The booby's gaze
Two surprise visitors meet wildly different fates. Plus: It takes five continents to make a quilt. And a final birds-of-a-type poll.
BIRDS
Talk of the town
THIS RED-FOOTED BOOBY became a local celebrity in early August, attracting birders to Port Townsend from all around the Puget Sound and beyond. The bird is far out of its range in the southern seas, yet seems content to fish and hang out among the large flocks of gulls occupying our beaches. I’ve photographed this striking pelagic species many times at Kilauea National Wildlife Refuge, one of my favorite spots in Kauai. Hundreds of Red-footed booby tree nests line the cliffs there. But as in jewels, rarity is prized among birders. On the day I made my pilgrimage, I joined dozens of them, each with a scope or long lens. I’ve no explanation for why this booby has orange rather than red feet and a pink-magenta bill rather than the blue ones I’ve seen in Kauai. True, there are color variations in the species, but this booby appears to be an outlier in more ways than one.

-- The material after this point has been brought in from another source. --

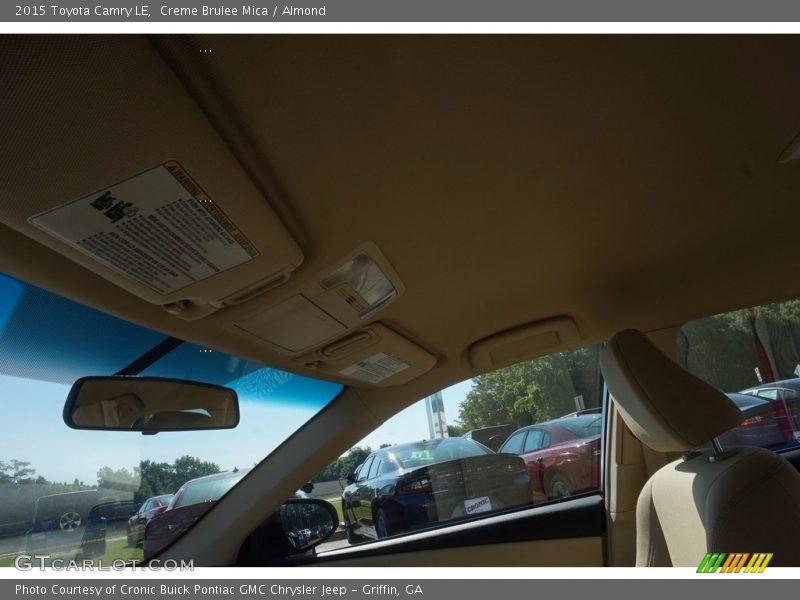 Creme Brulee Mica / Almond 2015 Toyota Camry LE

A LITTLE HELP FROM OUR FRIENDS
Bye-bye booby
AN EARLIER VISITING booby met a less salutary fate. Three years ago, while strolling the beach, my birding buddy Tim Lawson spotted a Bald eagle clinging to a fresh kill on a rock offshore. When a child ran at the eagle and scared it off, its mate promptly flew down and fetched the prey. That eagle was flying off the rock when Tim captured this extraordinary shot. Little did he know that another drama was just beginning.

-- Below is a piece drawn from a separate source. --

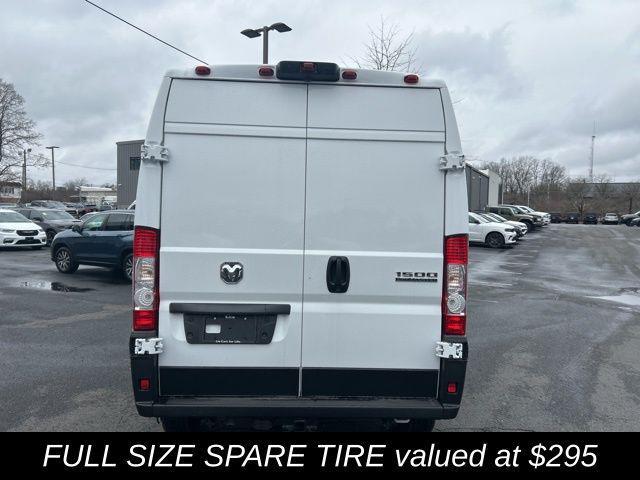 new 2025 Ram ProMaster 1500 car, priced at $47,646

Tim identified the victim as a Brown booby. I was skeptical. I’d seen and photographed Brown boobies in Hawaii, but like its Red-footed cousin above, the Olympic Peninsula is far outside its territory. And wishful thinking about rare bird sightings is rampant. Still, what the hell was it? Various speculations about possible resident birds were abundant, and all fell short. Those fully webbed feet, called totipalmate, clearly pointed to a pelagic candidate. Finally, one of our most respected local experts agreed with Tim, as did members of the Washington Ornithological Society's Rare Bird Observation, who pointed out that Brown boobies have been occasional visitors here. The debate also caught the attention of a researcher who studies the impact of geomagnetic disturbances on “avian vagrancy.” He incorporated Tim’s picture into his presentations, noting drily that "vagrants don't always last that long.” Yeah, especially when there are eagles in the hood.
RUNNING WITH SCISSORS
Visible music quilt
By Barbara Ramsey
WHEN THE LATEST ISSUE of the New Yorker arrived last September, I was captivated by its cover illustration, “Lines of Beauty”. Diana Ejaita, a Nigerian-Italian illustrator and textile artist who lives in Berlin and Lagos created the cover art. The lush colors and strong graphic lines instantly made me think: QUILTY!

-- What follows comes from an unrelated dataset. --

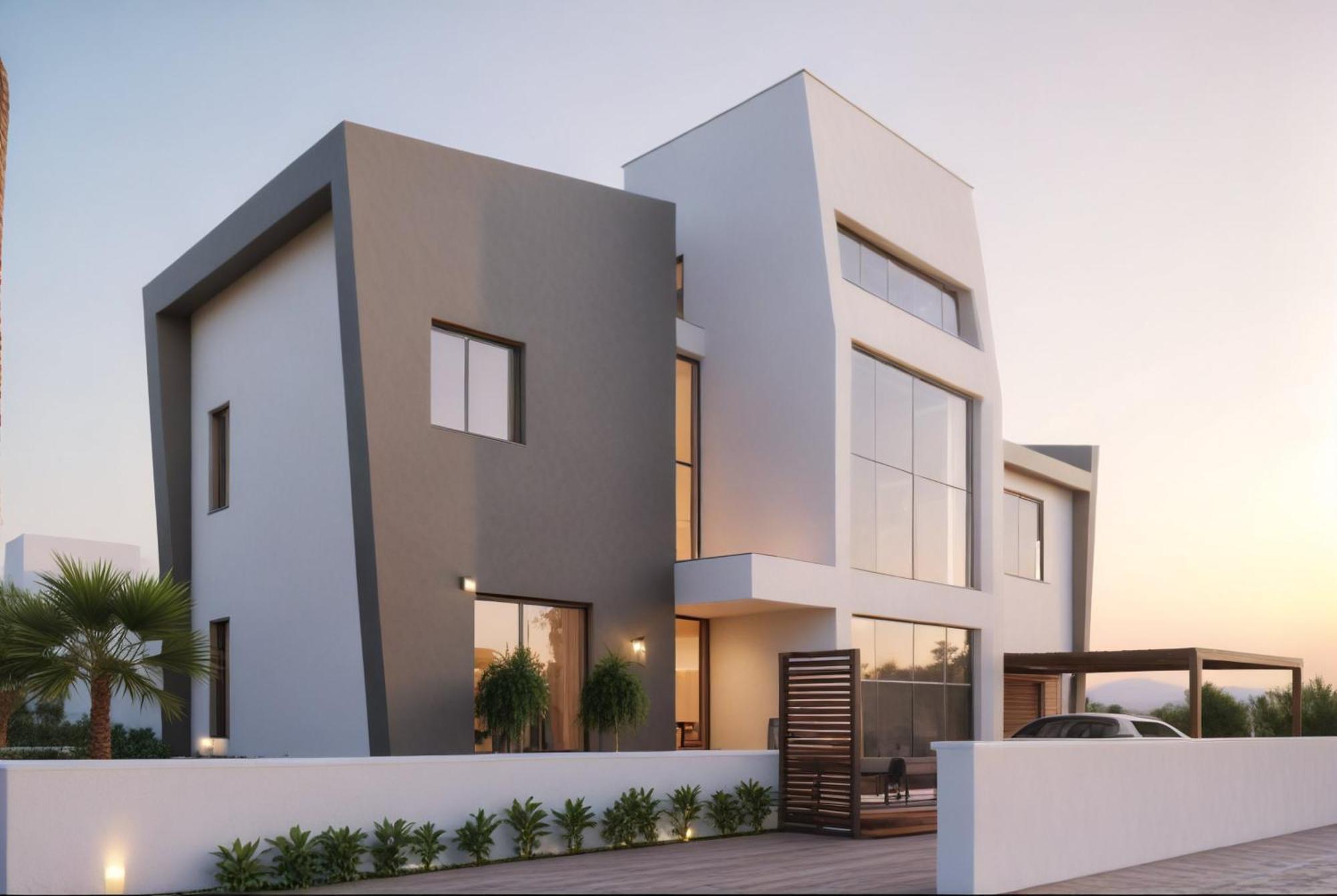 Seaview Luxury Villas 圣纳帕 外观 照片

I was working on another quilt at the time, so I tore off the magazine cover and stored it away. Weeks later, when an idea had gestated, I spent a day or two drawing some simple shapes suggested by the image. I grabbed a few pieces of fabric from my stash, and started contemplating how to modify the design toward something more abstract. I then went to the fabric store in nearby Port Gamble with my materials and found the perfect background fabric, one designed by an Aboriginal artist for an Australian textile company and manufactured in India.
Fabric in hand, I went into my studio and started cutting. Since I work improvisationally, I don’t know exactly how my designs will come out until the pieces are cut and joined. I frequently revise as I go, cutting and recutting, sewing and unsewing (I rip out stitches all the time). It took me two weeks to completely piece the quilt top together. By my count, the efforts of people in five different continents culminated in the making of my little quilt, called “In Search of Visible Music.”
See more quilts on Barbara’s web site.
BIRDS-OF-A-TYPE CARDS
The finals!
THESE FOUR cards are the top vote-getters from prior polls. Now it’s time to pick the grand winner. What’s your top choice? The champion will be announced next week.
The bird choice is hard. I love all the cards AND the quilt AND the Booby story. A boat captain I met last Friday who travels on a boat that is currently anchored here in the bay said that he and his wife had a blue-footed Booby perching on their mast every evening, which was initially fun but then became not fun when they had to clean up Booby poo every morning. They shooed it away and it came back. They hoisted various things that were supposed to scare it away but the blue-footed booby always returned. Maybe it was in love. The captain finally anchored his boat far away, in a secret part of the bay. He also draped his boat in an invisibility cloak. So far, the booby hasn't found them. (Everything is true except the cloak.)
As much as I like Trajan Tropicbird, the Bodoni Booby pulls me in the most.